1. Using green or oolong tea instead of black will reduce the amount of caffeine in your brew since these colors usually have less caffeine.


2. Brewing your kombucha longer will give the SCOBY more time to eat the caffeine, which means less in the final kombucha.


3. Steeping the tea for less time will also lead to less caffeine in the final brew.


4. You can try to brew kombucha with decaffeinated tea, however the lack of caffeine could make the brew turn out poorly or damage the SCOBY over time because of a lack of nutrition. So if you’re going to try to make kombucha with decaffeinated tea, do it with an extra SCOBY and not your main one.


Is the Caffeine in Kombucha Healthy? 

With all this talk about caffeine, you may be wondering whether or not it’s even healthy to drink. Like any drug, caffeine has some risks. Such as:

  • Disrupted sleep

  • Dehydration

  • Induced anxiety

  • Irregular heartbeat

  • Reaction with some medications. 

All these side effects are rare, and usually only happen when caffeine is consumed in an unsafe amount, but are still important to address. 


As for the benefits of caffeine, studies have shown that it may:

  • Improve mood and brain function

  • Boost metabolism and fat burning

  • Enhance exercise performance

  • Protect against heart disease and diabetes. 

What a drug! It seems from what I've found that caffeine is not only safe for most people  (in the correct dosage of course) but may actually have some serious benefits!


Kombucha as a Replacement for other Caffeinated Beverages

Unfortunately, if you want the benefits of caffeine, you're probably not going to get them from kombucha. With how little caffeine is in most kombucha brands, you’d have to drink almost 3 bottles of booch to get the same amount of caffeine as you would from a bag of green tea. 


This is good because it means you can drink kombucha at night without worrying about being kept up, but at the same time is bad because those that enjoy caffeine wont get the extra energy they want solely from drinking booch. 


If you are one of those people wishing kombucha had more caffeine in it, I may have a solution for you.


Kombucha Energy Drinks

Energy drinks have almost always been considered unhealthy.
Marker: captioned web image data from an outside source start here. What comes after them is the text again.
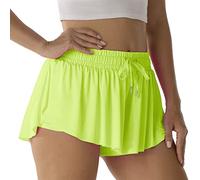 Flowy Athletic Shorts for Women Running Tennis Butterfly Shorts Girls 2-in-1 Double Layer Quick-Drying Comfy Shorts, Neon Green, XL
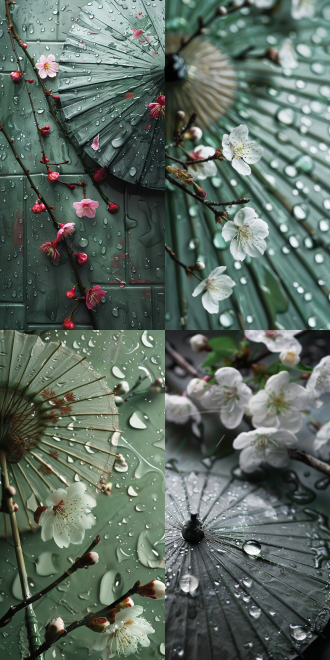 梅花飘落油纸伞，雨滴溅落顺流青砖地，俯视构图，青灰色暗调，微距镜头，顶光，慢快门，静谧。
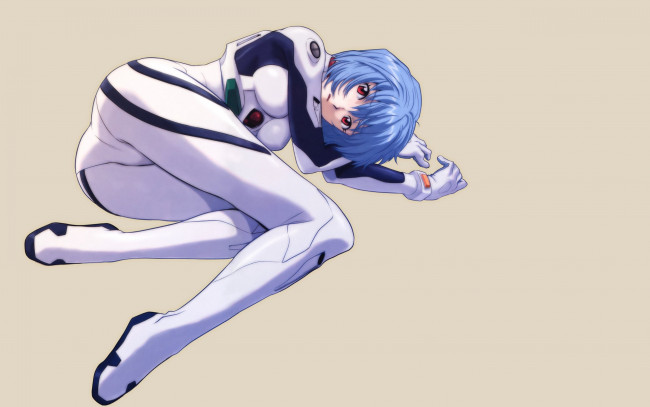 Обои картинки фото аниме, evangelion, девушка, взгляд, фон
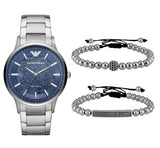  Shop Authentic Emporio Armani Renato Automatic Blue Dial Silver Steel Strap Watch For Men - AR60037 - Luxxuri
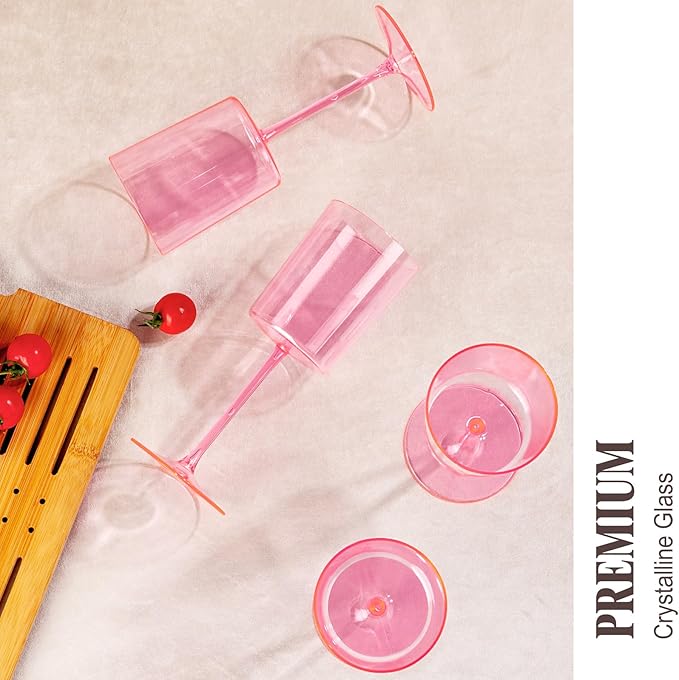 Ciaell 12 Pack Pink Plastic Wine Glasses - 14Oz Plastic Wine Glasses with Stem - Disposable Stemmed Wine Glass for Parties & Weddings & Outdoor & Easter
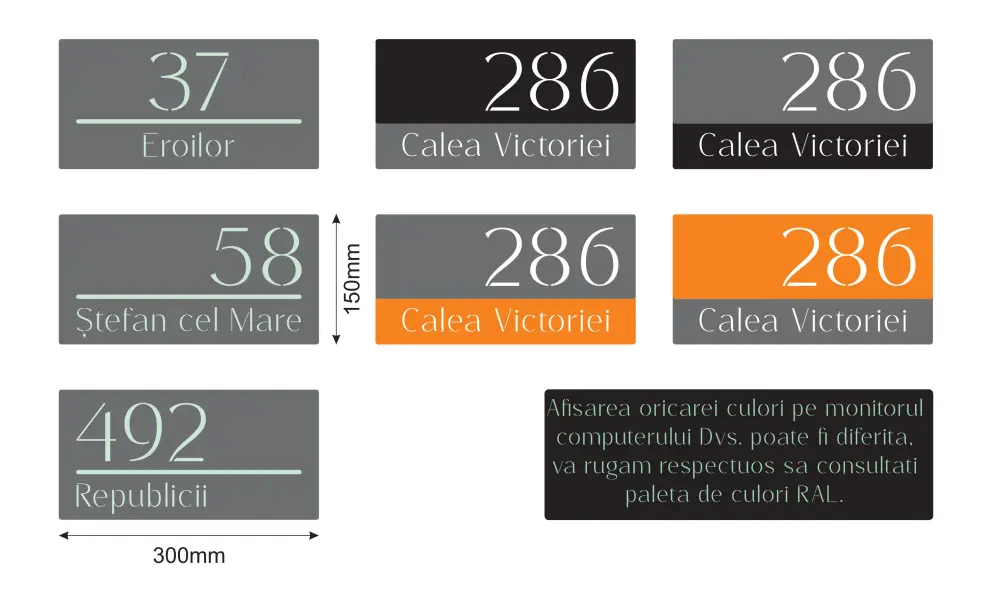 Numere de casa personalizate elegante - model 13 - 30x15cm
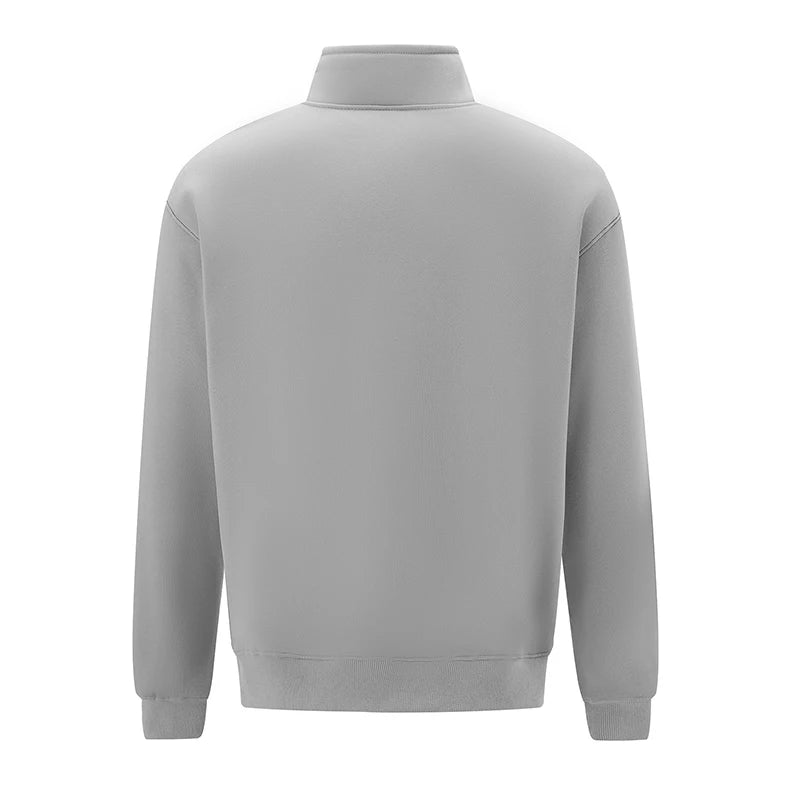 Men's Cozy Fleece Quarter Zip Pullover Sweater with Stand Collar and Long Sleeves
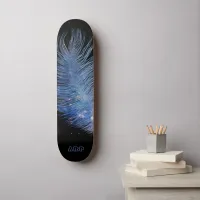 *~*  Cosmic Midnight Sky Pastel Feather Boho Skateboard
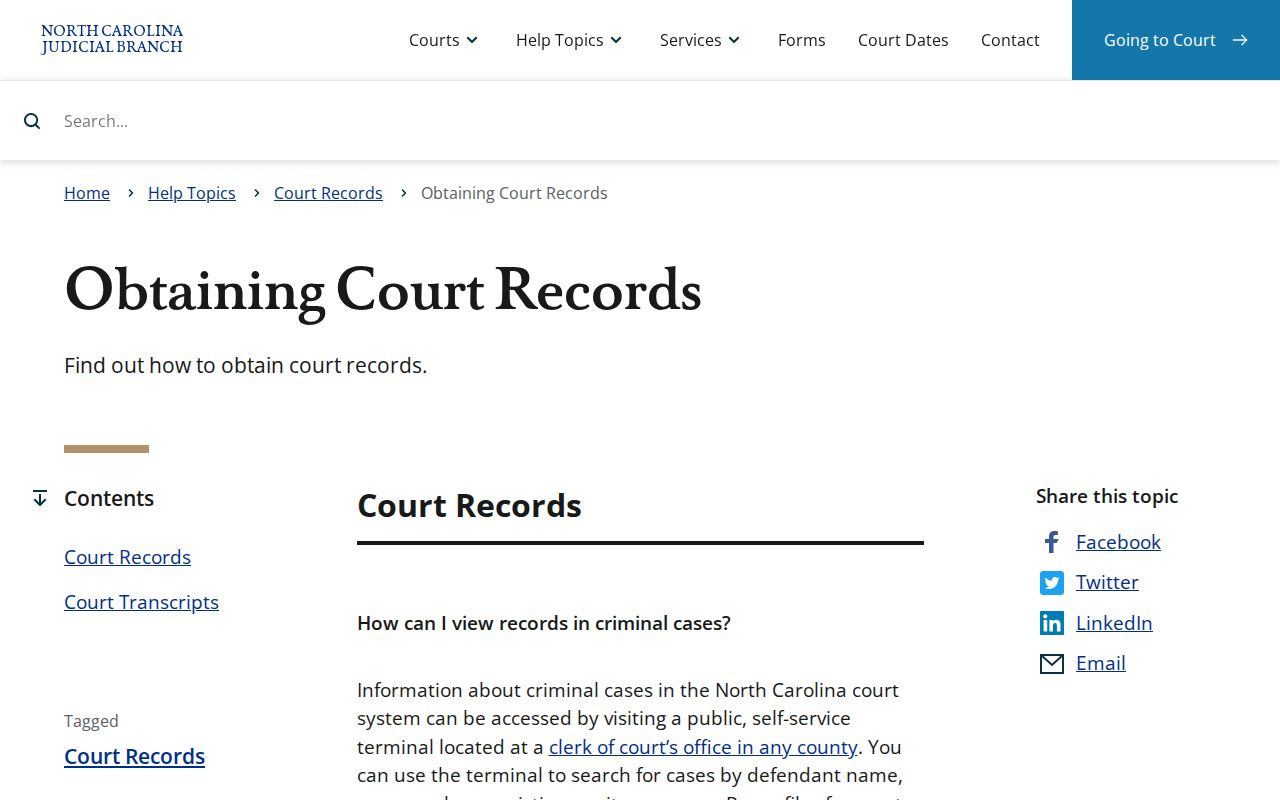 Yadkin County criminal court case access methods from the Judicial Branch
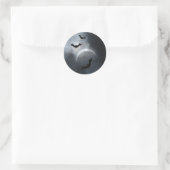 Spooky Halloween-Fledermäuse in Eclipse Runder Aufkleber (Tasche)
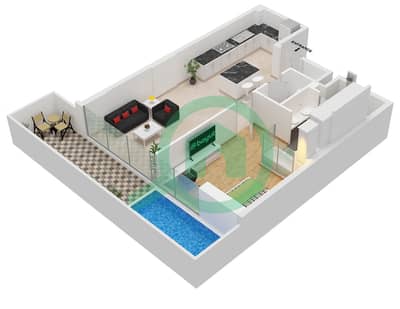 المخططات الطابقية لتصميم النموذج E شقة 1 غرفة نوم - أجنحة سكاي من بيس هومز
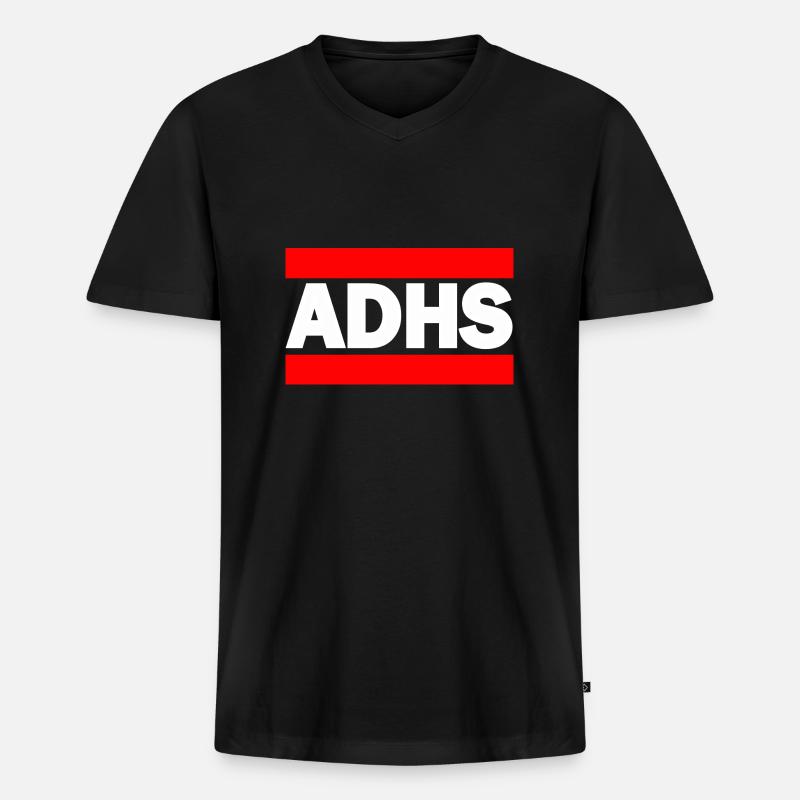 ADHS - Männer Premium Bio T-Shirt mit V-Ausschnitt - Schwarz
Most are full of sugar, calories and artificial flavorings, with little to no nutrients or health benefits. Well recently a few kombucha brands have decided to bridge the gap between healthy choices and energy boosts by creating kombucha energy drinks.


The goal of kombucha energy drinks is to allow those that are drinking kombucha and energy drinks separately to be able to get the energy boost they need solely from kombucha.


They also provide a healthy caffeine boost to those who drink unhealthy and sugary energy drinks regularly.


The great thing about kombucha energy drinks is they not only give you the energy of caffeine with very little sugar, but also all the healthy probiotics and antioxidants that are in kombucha. 


I actually wrote an entire article on kombucha energy drinks, including the top 4 best brands which you can read here.


The best kombucha energy drink that I found when researching for that article is Brew Dr. Uplift. Uplift combines live and active bacteria cultures with 130mg of caffeine per bottle using a blend of green tea, guayusa ( an Amazonian plant), and yerba mate. The flavor sort of tastes like ice tea.


The best place to get Brew Dr Uplift is at your local supermarket if they have it. But if you want to save a trip and get it online, you can buy it on Amazon here.


Bottom Line

Kombucha does have caffeine in it, but at an average of 15mg a serving, it’s not much. If you’re someone who is sensitive to caffeine the low amount probably won’t affect you. And if you're looking for that extra kick of energy, maybe try out a kombucha energy drink. Or just drink a cup of coffee.